Por
Me cogí al que me lavó la camioneta y rico..
Bueno, resulta que mi esposo me había comentado que había contratado a un hombre para lavar su carro. Y pues aprovechando también mi camioneta. Mi esposo se iba a ir a trabajar y yo me quedaría en casa, limpiando y esperando a que terminara el hombre.
La verdad no lo molesté mucho, solo para ofrecerle un vaso con agua. Y pues cruzamos miradas. Yo siendo amable, pero todo comenzó cuando ya terminó de lavar mi camioneta, que estaba en la cochera.
Nos quedamos platicando. Yo traía ropa cómoda, o sea un short y una camisa cualquiera, pero sin sostén. Noté que él no podía evitar mirarme. Tal vez eso me gustó, jeje, no les voy a mentir.
Platicando y platicando, de repente tiraba indirectas de que yo era muy linda. Y sobre mi outfit para limpiar, este dando más detalles. Pues yo le dije que él también se veía bien. El hombre es algo moreno y de unos 30 y algo de años.
Pero bueno, ya yendo al punto. Cuando me estaba mostrando cómo quedó la camioneta del interior, yo salí por el asiento de atrás. Al salir, él estaba atrás de mí y me tomó por sorpresa. Me giró y comenzamos a besarnos.
Yo quedé como en shock de lo bien que besaba. Por inercia y calentura, mi cuerpo reaccionó automático. Así es que nos quedamos besándonos mientras me tomaba del culo y me lo apretaba. Eso me calienta, jeje.
Yo comencé a quitarle la camisa y desabrocharle el pantalón. Así para que él, en los mismos asientos, se bajara el pantalón y se sacara la verga gruesa que tenía. Así comencé a chupársela mientras me tomaba de la nuca y de vez en cuando del cabello. Diciéndome que así me quería tener, jsjs.

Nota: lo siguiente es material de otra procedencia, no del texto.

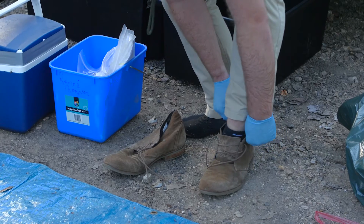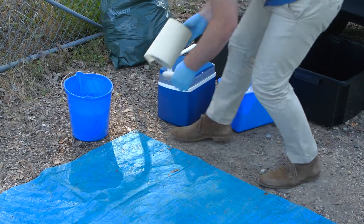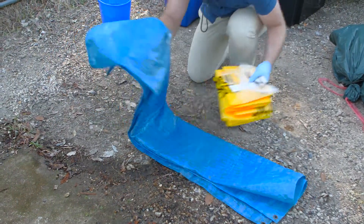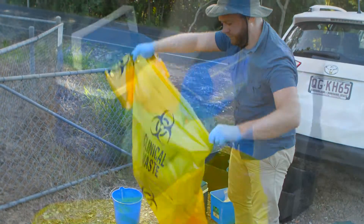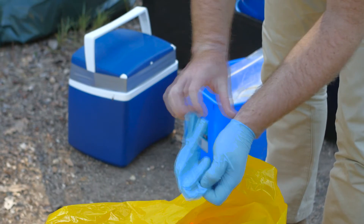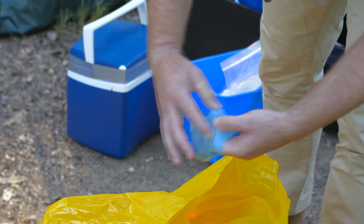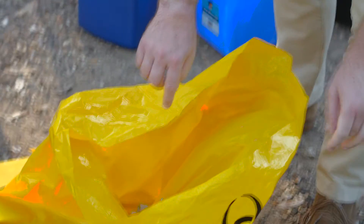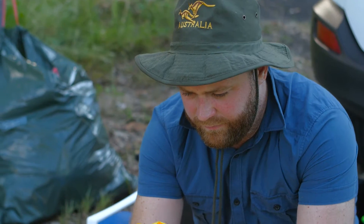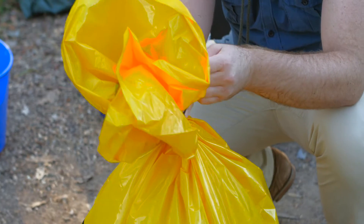Do not cross back into the dirty area for any reason. Carefully, without contaminating your clean clothes, collect and dispose of the disposable drop sheet in the biohazard bag. Remove your remaining inner pair of gloves in the same manner as the first, taking care not to touch the outside of your gloves with your bare hand. Put the remaining pair of gloves in the biohazard bag containing the drop sheet.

Yo me estaba metiendo los dedos porque ya no aguantaba la calentura. Así es que abrimos la cajuela. Me cargó y ahí me recostó. Comenzó a meterme los dedos tan rico que me hizo tener un squirt. Yo ya tenía mi coñito hecho fuego, así es que le rogué que ya me la metiera.

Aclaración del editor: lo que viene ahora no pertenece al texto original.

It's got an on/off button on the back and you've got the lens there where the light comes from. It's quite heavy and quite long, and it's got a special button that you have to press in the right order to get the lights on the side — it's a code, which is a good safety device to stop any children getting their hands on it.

Después de darle unos golpes a mi pelvis y clítoris con su verga, me la dejó ir toda mientras me tomaba del cuello. Toda la cochera estaba ambientada por el sonido de nuestros cuerpos chocando.
Estábamos tan calientes que le dije que me escupiera en la cara y me diera cachetadas. Él me dijo que así me tendría todo el día y me haría disfrutar más que mi marido. Así es que me levantó las piernas y las puso en sus hombros, clavándomela más profundo.
Estábamos tan extasiados que él se recostó en la cajuela y comencé a cabalgarlo mientras me daba unas nalgadas. Así mientras nos besábamos, jsjs.
Ya casi terminando, me puse para que me diera de cucharita y tener nuestros cuerpos juntos. Así duramos por un rato hasta que me dijo que dónde iba a querer la lechita. De tanta calentura, yo se la pedí adentro.
Él no lo dudó y comenzó a vaciar todo dentro de mí. Bien rico, se vino demasiado que hasta me dejó temblando las piernas y goteando mi coñito. Así nos quedamos recostados en la cajuela.
Hasta que vi la hora en mi celular. Ya iba a llegar mi marido. Así es que nos vestimos muy rápido. Yo me fui para los cuartos y este hombre se quedó en la cochera, como para darle un repaso a los carros.
De rato llegó mi marido. Yo estaba en el cuarto y al mirarme al espejo aún notaba mis nalgas rojas, jaja. Ya al llegar y recibir a mi marido, pues besándonos y él apretando mis nalgas como siempre, jaja. No notó nada. Solo llegó a revisar cómo habían quedado los autos. Y ya solo me puse a hacerle de comer y todo normal, jaja.